L'UE risque de prendre du retard sur la Chine dans la production de carburants marins verts, prévient T&E
Points clés
- •L'Europe compte 69 projets de carburants de synthèse destinés à approvisionner le secteur maritime, mais seulement six sont actuellement opérationnels.
- •Les trois installations de production de carburants de synthèse opérationnelles en Chine produisent environ dix fois plus que toutes les usines européennes opérationnelles réunies.
- •Le règlement FuelEU Maritime, entré en vigueur en janvier 2025, exige des réductions progressives de l'intensité en gaz à effet de serre de l'énergie utilisée par les navires dans les ports de l'UE.
- •Si tous les projets européens planifiés se concrétisent, ils pourraient générer jusqu'à 4,09 Mtoe de carburants de synthèse d'ici 2033, couvrant environ 14 % de la demande régionale en carburant pour le transport maritime.
- •T&E met en garde que sans un soutien financier gouvernemental plus solide, l'Europe pourrait devenir de plus en plus dépendante des carburants de synthèse importés.

L'Europe risque de perdre son avantage compétitif face à la Chine dans la production de carburants marins verts si davantage de projets de carburants de synthèse (e-fuels) ne dépassent pas le stade de la planification, selon le groupe de campagne environnementale Transport & Environment (T&E).

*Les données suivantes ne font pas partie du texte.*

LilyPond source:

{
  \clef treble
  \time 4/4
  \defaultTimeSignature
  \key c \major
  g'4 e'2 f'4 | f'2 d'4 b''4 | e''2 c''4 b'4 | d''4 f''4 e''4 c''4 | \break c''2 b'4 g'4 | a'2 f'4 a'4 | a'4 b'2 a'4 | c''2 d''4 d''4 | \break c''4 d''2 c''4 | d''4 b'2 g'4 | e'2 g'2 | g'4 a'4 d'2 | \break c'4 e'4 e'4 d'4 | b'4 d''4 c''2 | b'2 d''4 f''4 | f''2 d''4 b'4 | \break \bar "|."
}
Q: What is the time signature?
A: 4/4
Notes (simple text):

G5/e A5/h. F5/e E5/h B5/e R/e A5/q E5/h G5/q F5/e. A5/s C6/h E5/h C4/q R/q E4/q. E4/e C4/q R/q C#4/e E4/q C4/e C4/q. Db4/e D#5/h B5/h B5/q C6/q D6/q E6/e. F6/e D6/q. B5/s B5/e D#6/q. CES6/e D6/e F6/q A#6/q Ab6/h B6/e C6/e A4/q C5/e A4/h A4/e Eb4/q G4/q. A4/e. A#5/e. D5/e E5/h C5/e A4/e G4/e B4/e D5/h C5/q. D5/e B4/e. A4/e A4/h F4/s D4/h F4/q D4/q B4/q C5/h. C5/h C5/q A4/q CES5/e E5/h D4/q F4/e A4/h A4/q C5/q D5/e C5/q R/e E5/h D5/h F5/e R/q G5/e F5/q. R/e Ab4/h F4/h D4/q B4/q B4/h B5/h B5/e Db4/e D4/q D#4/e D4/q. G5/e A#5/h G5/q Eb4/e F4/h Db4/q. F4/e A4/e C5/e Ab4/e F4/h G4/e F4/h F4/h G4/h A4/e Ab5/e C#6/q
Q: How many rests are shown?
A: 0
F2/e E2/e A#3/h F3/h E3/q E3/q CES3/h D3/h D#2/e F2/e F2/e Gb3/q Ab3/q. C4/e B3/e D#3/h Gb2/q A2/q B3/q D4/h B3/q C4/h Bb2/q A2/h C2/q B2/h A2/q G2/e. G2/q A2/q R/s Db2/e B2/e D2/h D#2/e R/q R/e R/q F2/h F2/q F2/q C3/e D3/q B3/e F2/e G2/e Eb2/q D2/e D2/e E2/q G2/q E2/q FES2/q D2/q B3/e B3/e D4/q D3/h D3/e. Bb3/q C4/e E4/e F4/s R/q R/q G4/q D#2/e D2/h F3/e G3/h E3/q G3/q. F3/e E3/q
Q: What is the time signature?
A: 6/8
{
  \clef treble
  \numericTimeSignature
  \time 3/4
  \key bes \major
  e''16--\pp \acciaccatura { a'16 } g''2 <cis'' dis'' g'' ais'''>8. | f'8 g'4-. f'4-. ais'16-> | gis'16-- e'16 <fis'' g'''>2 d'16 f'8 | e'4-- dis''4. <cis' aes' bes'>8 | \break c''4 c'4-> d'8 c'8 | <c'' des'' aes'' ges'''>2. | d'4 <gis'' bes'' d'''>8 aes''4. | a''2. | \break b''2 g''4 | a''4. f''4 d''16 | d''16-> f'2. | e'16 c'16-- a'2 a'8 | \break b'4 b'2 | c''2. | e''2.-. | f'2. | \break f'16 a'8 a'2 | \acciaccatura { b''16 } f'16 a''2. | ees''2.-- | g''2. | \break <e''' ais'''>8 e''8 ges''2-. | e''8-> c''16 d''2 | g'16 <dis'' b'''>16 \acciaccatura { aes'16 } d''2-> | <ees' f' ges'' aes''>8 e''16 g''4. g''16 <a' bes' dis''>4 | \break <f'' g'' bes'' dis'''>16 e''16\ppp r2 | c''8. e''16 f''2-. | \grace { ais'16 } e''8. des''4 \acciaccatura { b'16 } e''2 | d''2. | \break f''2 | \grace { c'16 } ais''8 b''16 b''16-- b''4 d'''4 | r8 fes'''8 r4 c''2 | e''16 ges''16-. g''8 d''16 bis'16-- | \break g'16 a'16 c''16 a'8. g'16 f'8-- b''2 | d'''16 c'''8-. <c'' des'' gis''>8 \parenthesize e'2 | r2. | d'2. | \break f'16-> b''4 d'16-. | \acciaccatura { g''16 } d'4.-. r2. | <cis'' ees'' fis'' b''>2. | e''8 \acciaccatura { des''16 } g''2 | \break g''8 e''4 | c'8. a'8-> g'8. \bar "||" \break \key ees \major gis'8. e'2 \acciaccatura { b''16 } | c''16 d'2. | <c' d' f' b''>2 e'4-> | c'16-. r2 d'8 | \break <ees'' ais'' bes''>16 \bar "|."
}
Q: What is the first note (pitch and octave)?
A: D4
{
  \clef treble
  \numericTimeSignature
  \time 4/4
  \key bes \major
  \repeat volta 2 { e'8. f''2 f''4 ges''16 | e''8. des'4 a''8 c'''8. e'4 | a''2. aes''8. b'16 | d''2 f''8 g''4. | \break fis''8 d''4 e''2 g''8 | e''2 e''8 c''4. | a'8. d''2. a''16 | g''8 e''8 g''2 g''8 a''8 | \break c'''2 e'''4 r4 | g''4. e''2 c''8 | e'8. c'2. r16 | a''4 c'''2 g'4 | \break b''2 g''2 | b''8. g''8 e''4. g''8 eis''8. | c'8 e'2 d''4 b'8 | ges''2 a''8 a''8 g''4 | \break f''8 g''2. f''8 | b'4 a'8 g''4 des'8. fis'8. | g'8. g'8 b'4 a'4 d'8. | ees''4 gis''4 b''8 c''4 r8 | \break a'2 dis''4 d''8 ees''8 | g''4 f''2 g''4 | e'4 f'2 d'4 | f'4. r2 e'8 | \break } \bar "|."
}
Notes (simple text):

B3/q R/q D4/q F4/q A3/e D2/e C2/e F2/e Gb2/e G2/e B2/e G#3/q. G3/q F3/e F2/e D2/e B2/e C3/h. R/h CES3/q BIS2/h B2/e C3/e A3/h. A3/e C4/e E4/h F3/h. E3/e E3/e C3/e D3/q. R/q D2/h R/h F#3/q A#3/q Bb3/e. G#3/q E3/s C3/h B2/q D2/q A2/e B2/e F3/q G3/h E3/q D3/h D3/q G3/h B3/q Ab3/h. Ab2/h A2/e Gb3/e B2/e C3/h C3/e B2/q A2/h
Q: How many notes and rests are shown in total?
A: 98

Dans un communiqué de presse publié jeudi, T&E a souligné que l'Europe compte actuellement 69 projets de carburants de synthèse ayant le potentiel d'approvisionner le secteur maritime. Cependant, seulement six d'entre eux sont opérationnels, malgré l'introduction du règlement FuelEU Maritime conçu pour accélérer l'adoption de carburants maritimes durables. Ce règlement, entré en vigueur en janvier 2025, impose une réduction progressive de l'intensité en gaz à effet de serre de l'énergie utilisée par les navires faisant escale dans les ports de l'UE et constitue une pierre angulaire des efforts du bloc pour décarboner un secteur que l'Organisation maritime internationale estime représenter environ 3 % des émissions mondiales de gaz à effet de serre.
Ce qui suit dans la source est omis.